Recorded data:
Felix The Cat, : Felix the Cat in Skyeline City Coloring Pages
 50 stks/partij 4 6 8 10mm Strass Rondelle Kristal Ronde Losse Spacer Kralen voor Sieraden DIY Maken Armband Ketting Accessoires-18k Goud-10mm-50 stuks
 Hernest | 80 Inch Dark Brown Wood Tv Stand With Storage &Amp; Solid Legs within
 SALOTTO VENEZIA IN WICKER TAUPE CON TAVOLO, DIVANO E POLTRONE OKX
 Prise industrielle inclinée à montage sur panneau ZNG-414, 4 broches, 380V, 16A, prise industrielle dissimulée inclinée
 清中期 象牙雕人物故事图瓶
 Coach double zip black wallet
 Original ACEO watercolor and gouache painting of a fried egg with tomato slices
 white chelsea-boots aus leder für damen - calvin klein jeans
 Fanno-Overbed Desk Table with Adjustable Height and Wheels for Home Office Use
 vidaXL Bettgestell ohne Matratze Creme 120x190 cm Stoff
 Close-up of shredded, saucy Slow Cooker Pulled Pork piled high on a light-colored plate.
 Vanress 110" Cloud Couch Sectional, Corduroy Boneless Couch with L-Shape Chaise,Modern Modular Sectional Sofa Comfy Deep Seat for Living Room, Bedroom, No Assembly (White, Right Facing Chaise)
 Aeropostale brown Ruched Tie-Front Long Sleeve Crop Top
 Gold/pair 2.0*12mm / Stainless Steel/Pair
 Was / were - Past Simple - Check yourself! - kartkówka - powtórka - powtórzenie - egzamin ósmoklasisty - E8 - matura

_ACTIVITY_:
Above are the records; from them, give again exactly the lines from the one containing "50 stks/partij 4" to the one containing "Coach double zip black wallet", both lines included, and nothing more.

_ANSWER AREA_:
 50 stks/partij 4 6 8 10mm Strass Rondelle Kristal Ronde Losse Spacer Kralen voor Sieraden DIY Maken Armband Ketting Accessoires-18k Goud-10mm-50 stuks
 Hernest | 80 Inch Dark Brown Wood Tv Stand With Storage &Amp; Solid Legs within
 SALOTTO VENEZIA IN WICKER TAUPE CON TAVOLO, DIVANO E POLTRONE OKX
 Prise industrielle inclinée à montage sur panneau ZNG-414, 4 broches, 380V, 16A, prise industrielle dissimulée inclinée
 清中期 象牙雕人物故事图瓶
 Coach double zip black wallet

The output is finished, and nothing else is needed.